▶ Task instructions
Every entry must reappear in your answer exactly as written, though its pictures must not.

▶ Records supplied
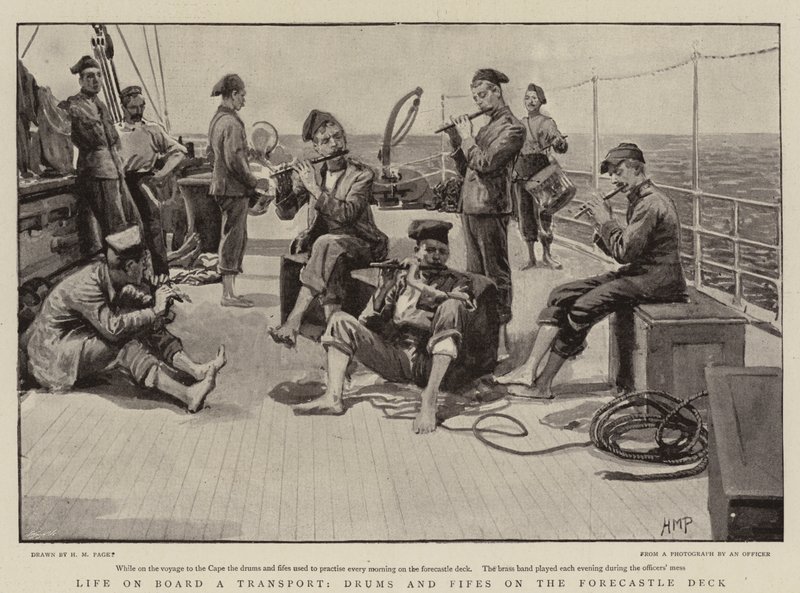 Livet ombord på en transport, trummor och fifes på Forecastle Deck av Henry Marriott Paget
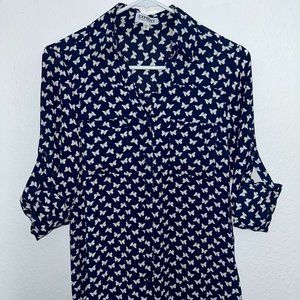 Express Portofino Shirt XS Navy blue with White Butterfly Pattern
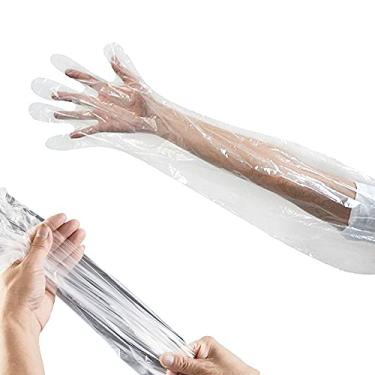 Imagem de 50 luvas descartáveis de campo, luvas longas retal de inseminação veterinária, luvas de braço inteiro de manga extra longa, luvas de palpação de veado de vaca (transparentes)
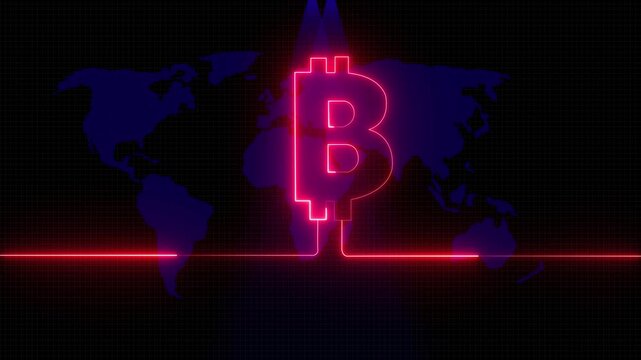 Glowing Bitcoin symbol over world digital map. Futuristic cryptocurrency, blockchain, global finance, and digital technology animation. rotates over world map on background. 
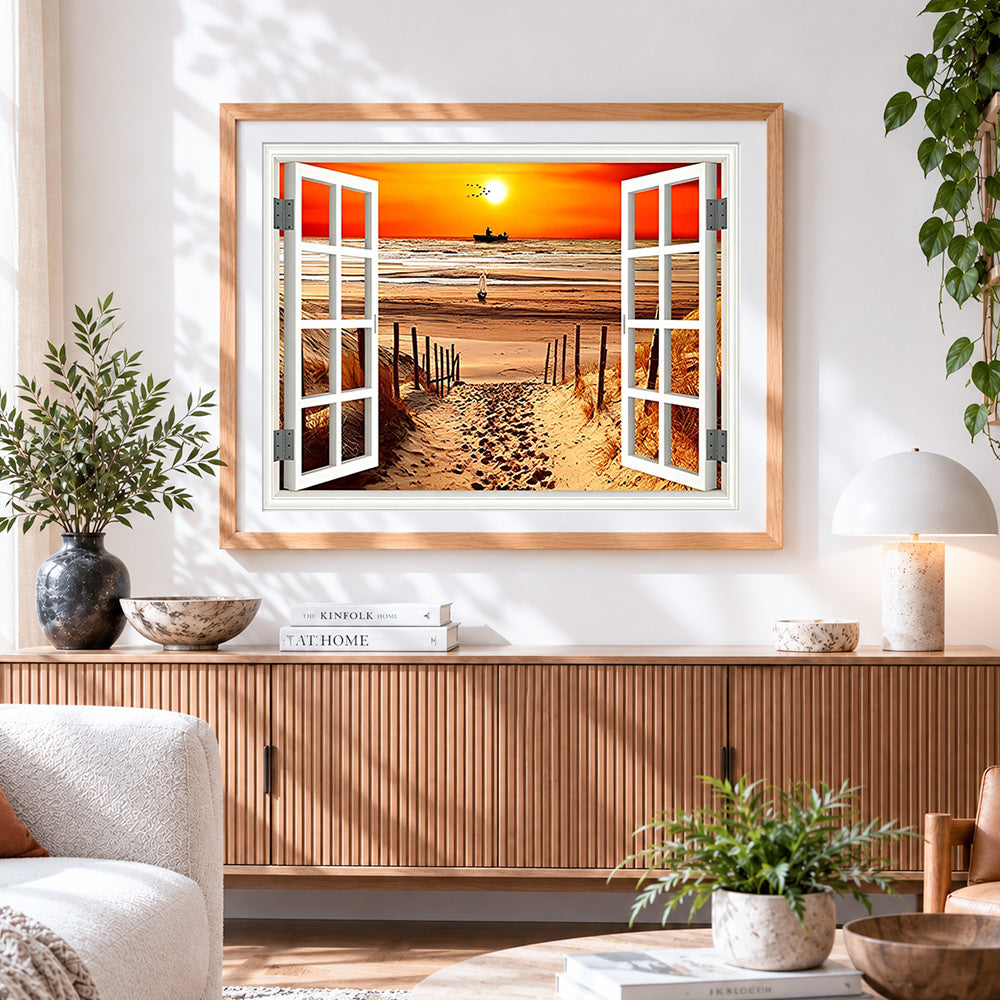 Finished beach sunset through open windows paint by numbers artwork displayed as home decor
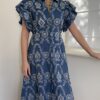Lange Jurk Jeans Blauw Broderie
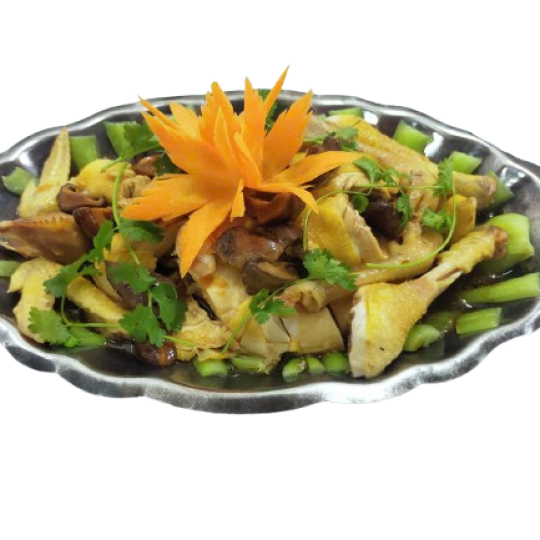 Gà hấp cải thìa 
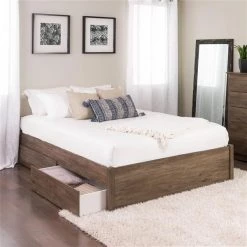 Prepac Select 4-Post Platform Bed 2 Drawers - Drifted Gray - Queen
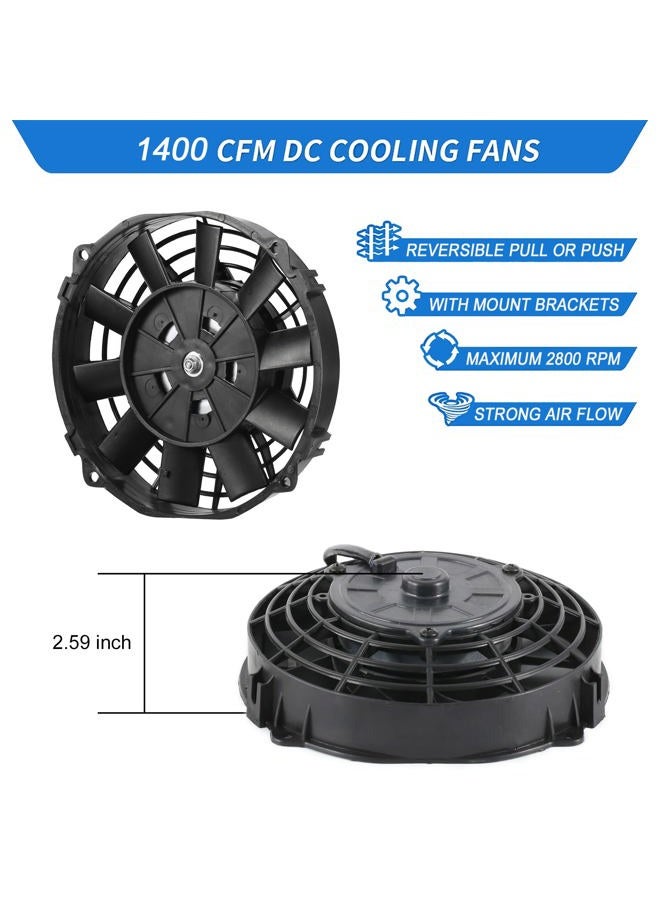 CTOCH 7" Electric Radiator Cooling Fan Assembly Kit with 12V 80W Motor Universal High Performance Slim Fan Push Pull Black Curved Blades - Image 2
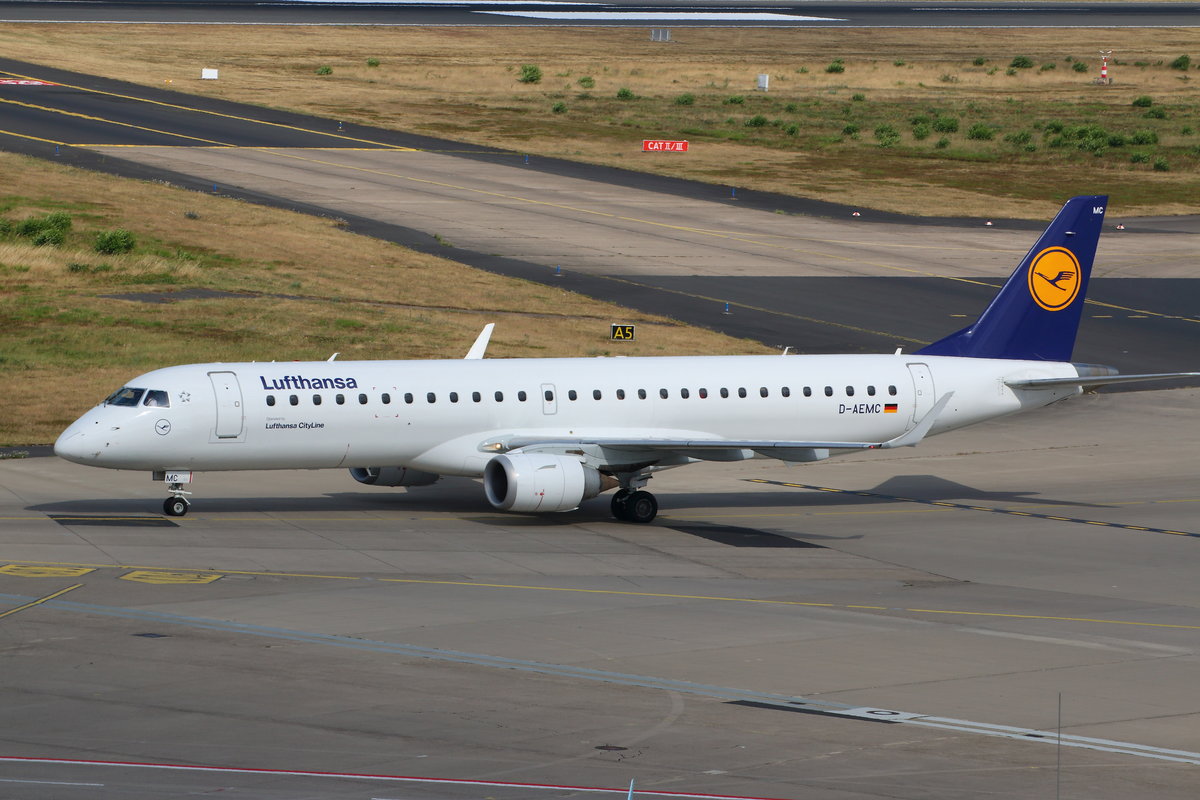 Lufthansa CityLine, Embraer ERJ-195, D-AEMC. Köln-Bonn (CGN/EDDK) am 07.07.2019.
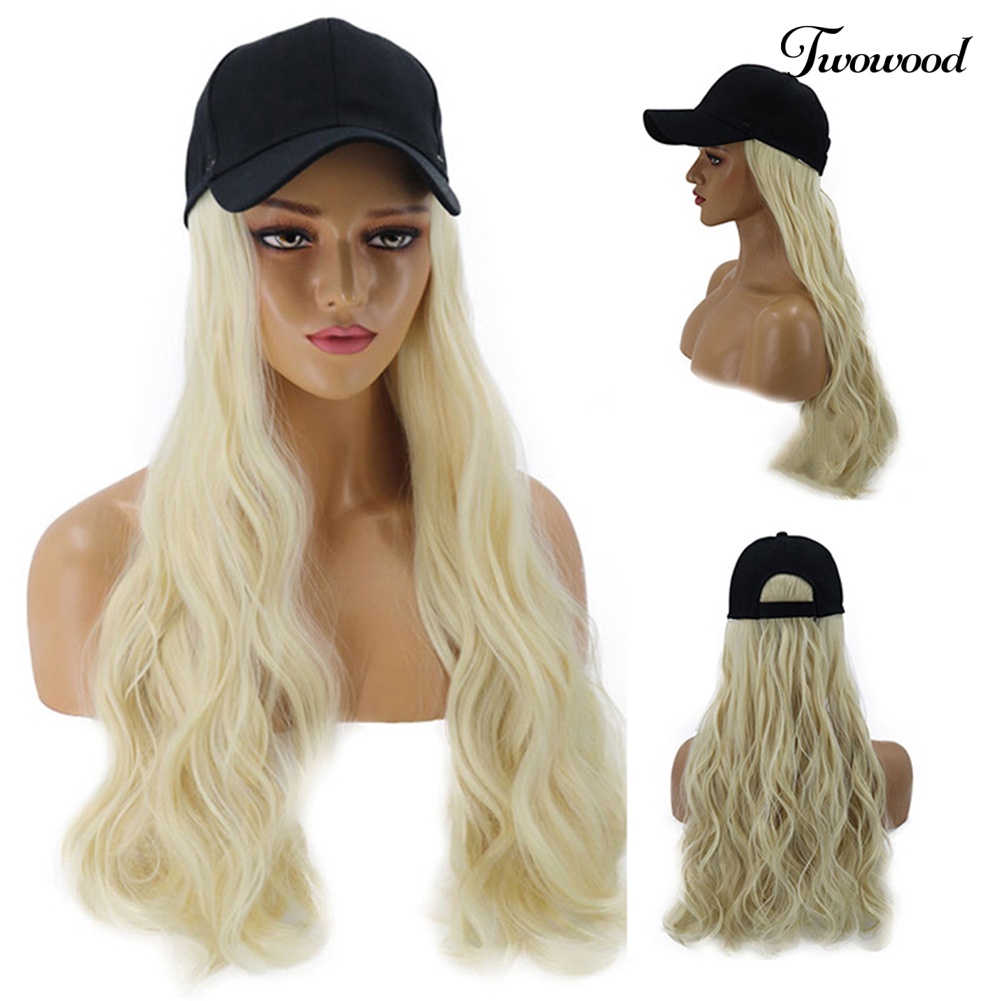 Twowood Wanita Gadis Keriting Panjang Wig Rambut Palsu Sintetis Hair Extension Dengan Topi Baseball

▶ Answer to the exercise
 Livet ombord på en transport, trummor och fifes på Forecastle Deck av Henry Marriott Paget
 Express Portofino Shirt XS Navy blue with White Butterfly Pattern
 Imagem de 50 luvas descartáveis de campo, luvas longas retal de inseminação veterinária, luvas de braço inteiro de manga extra longa, luvas de palpação de veado de vaca (transparentes)
 Glowing Bitcoin symbol over world digital map. Futuristic cryptocurrency, blockchain, global finance, and digital technology animation. rotates over world map on background. 
 Finished beach sunset through open windows paint by numbers artwork displayed as home decor
Lange Jurk Jeans Blauw Broderie
 Gà hấp cải thìa 
 Prepac Select 4-Post Platform Bed 2 Drawers - Drifted Gray - Queen
 CTOCH 7" Electric Radiator Cooling Fan Assembly Kit with 12V 80W Motor Universal High Performance Slim Fan Push Pull Black Curved Blades - Image 2
 Lufthansa CityLine, Embraer ERJ-195, D-AEMC. Köln-Bonn (CGN/EDDK) am 07.07.2019.
 Twowood Wanita Gadis Keriting Panjang Wig Rambut Palsu Sintetis Hair Extension Dengan Topi Baseball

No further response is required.